Part of this is about perception, and the perception of the ‘Fab Four’ more generally. None of these bowlers are Australia’s finest in isolation, though each has a case to be in the conversation, in different ways, in their respective disciplines. The more pertinent point is that rarely in their history have Australia fielded four bowlers – the same bowlers – with each of such quality, together on so many occasions. Should they each of the Fab Four play together in the First Test, then they will have appeared together as often as Shane Warne, Jason Gillespie, Glenn McGrath, and Brett Lee. As a quartet, they are leaving a mark on Australian cricket.

As important as any question of frequency, is that rarely has there been a group of four bowlers with each having such a clearly defined identity.

Pat Cummins, all Don Draper swagger. A face born on a billboard, a bowler born as the leader of the attack.

Nathan Lyon, the yeoman, the curator-done-good, the survivor, clinging onto his place in a culture of copycat leg spinners. A GOAT amongst sheep, you might say. 

Mitchell Starc, the fastest bowler in the world, the barrel firing 150kph bullets. Mercurial, unpredictable, match-winning.

And then there’s Hazlewood. 

The attack dog? No.

The enforcer? Not even close.

The metronome? Maybe, but so much more.

When you are picked alongside such a consistent group of players, your identity as a player becomes vested in them. The attribute you have, that none of the others do, becomes your identifier, your gimmick. Yet for Hazlewood, his lack of a ‘gimmick’ has meant he slips under the radar. It’s meant that he is under appreciated as the elite talent he is.

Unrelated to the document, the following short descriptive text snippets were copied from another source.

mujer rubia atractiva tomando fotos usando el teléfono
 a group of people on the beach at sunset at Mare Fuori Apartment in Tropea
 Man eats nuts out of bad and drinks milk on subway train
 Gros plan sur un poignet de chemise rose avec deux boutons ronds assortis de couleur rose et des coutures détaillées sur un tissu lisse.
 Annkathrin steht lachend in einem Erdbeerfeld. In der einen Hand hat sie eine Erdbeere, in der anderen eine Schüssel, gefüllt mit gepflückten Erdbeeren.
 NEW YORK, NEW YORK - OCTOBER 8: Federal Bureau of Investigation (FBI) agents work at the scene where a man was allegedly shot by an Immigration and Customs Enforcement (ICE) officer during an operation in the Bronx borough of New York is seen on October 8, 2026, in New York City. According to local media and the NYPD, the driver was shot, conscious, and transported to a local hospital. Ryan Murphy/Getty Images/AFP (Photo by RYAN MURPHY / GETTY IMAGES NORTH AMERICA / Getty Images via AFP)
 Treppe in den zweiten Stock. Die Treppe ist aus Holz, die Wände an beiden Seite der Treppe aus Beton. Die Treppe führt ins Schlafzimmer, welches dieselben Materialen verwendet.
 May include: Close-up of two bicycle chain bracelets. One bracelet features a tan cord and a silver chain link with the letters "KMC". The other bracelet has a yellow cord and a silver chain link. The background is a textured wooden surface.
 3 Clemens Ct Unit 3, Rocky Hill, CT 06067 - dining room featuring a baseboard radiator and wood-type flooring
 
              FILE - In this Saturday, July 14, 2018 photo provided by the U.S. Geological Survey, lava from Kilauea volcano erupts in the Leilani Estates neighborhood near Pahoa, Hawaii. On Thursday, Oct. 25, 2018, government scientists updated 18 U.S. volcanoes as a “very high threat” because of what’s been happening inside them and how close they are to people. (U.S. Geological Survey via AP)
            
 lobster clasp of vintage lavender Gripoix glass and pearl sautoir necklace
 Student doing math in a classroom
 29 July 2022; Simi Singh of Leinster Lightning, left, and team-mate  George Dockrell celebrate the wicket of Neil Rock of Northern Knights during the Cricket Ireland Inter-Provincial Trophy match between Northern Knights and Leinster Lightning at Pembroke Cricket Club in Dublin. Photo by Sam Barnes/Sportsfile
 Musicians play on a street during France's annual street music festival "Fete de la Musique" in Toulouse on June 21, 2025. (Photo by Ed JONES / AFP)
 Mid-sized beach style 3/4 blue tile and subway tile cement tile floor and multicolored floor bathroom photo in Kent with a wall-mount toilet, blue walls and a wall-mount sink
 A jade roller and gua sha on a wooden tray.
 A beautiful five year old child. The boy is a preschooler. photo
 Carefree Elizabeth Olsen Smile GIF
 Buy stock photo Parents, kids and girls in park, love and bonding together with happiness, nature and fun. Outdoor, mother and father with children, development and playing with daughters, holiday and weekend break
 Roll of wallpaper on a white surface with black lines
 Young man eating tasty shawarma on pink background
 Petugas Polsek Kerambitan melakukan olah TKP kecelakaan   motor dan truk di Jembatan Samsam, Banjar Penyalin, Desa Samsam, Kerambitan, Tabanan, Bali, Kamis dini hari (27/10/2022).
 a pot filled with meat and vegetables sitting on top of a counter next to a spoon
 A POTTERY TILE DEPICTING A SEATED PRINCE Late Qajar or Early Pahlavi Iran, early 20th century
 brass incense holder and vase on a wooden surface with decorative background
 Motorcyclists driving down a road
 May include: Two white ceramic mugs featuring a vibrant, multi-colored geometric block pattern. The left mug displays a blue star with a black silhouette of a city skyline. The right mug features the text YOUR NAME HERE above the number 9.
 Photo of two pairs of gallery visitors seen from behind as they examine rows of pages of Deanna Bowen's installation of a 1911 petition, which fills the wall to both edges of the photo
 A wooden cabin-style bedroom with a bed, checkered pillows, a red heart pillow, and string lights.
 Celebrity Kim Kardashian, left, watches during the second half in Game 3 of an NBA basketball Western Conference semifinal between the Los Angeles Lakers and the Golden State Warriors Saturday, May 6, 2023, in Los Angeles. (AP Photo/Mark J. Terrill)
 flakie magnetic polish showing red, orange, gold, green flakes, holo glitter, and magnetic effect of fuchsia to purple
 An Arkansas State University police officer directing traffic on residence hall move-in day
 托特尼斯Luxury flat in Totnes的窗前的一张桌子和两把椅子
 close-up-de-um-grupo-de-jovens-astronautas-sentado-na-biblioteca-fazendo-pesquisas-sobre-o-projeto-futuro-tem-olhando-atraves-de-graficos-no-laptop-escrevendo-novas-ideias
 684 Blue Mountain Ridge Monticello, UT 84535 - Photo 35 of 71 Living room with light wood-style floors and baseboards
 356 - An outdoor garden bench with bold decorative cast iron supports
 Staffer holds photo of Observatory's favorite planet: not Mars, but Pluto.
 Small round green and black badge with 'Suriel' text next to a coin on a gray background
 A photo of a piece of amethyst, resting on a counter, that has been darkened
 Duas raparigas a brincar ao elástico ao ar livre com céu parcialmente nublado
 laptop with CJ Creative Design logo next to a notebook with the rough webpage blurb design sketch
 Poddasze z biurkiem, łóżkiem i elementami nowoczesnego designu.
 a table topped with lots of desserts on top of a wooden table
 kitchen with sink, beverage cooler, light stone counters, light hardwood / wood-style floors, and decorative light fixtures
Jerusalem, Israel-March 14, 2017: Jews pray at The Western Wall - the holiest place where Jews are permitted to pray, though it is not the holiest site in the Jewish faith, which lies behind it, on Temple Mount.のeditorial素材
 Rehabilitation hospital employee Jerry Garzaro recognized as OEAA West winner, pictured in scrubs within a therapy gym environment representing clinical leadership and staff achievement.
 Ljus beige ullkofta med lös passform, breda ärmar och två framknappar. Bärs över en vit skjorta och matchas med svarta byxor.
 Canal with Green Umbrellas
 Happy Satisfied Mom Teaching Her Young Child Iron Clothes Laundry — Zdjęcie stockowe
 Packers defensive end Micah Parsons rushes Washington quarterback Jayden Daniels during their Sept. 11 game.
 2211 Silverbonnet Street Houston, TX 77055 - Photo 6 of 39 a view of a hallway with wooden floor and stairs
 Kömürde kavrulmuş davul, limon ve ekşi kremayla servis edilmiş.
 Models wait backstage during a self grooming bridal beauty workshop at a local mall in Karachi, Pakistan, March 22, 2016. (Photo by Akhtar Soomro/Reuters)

Australia v India is not typically a rivalry which rewards subtlety. Both countries are fiercely passionate about their cricket and it has lent the cricket, of late, a gladiatorial atmosphere. Even in the absence of David Warner and Steve Smith, Australia found fire and fury in their bowling attack, while India’s captain funnels it into everything he does on a cricket field.

Yet last time these two met, it was the quietest and most understated member of the touring party, Cheteshwar Pujara, who made the defining contribution. No gimmick, no “brand”, just runs – and lots of them.

It’s that sort of spirit which Hazlewood needs to rekindle, if he is to offer a similarly decisive performance. In amongst cricketing cultures which do place emphasis on those at the extremes, Hazlewood is a man who has quietly mastered a wide range of complementary skills, each skill mastered to the necessary degree and no more, nothing embellished or oversold.

With this skillset, you make your name not by moments, but by cold, hard achievements. People don’t remember your magic balls, but they remember the series wins. For all the best efforts, a drawn Ashes series last winter in England is not one of these achievements. A lost series in India, or in South Africa, isn’t even close. Swatting aside the last team to win on Australian shores might not hang too high in the gallery of Australian Test match achievements, but it gets you a foot in the door. It gets you respect. It gets you another series win.

And in 2020, that’s how guys like Hazlewood make their claim for greatness.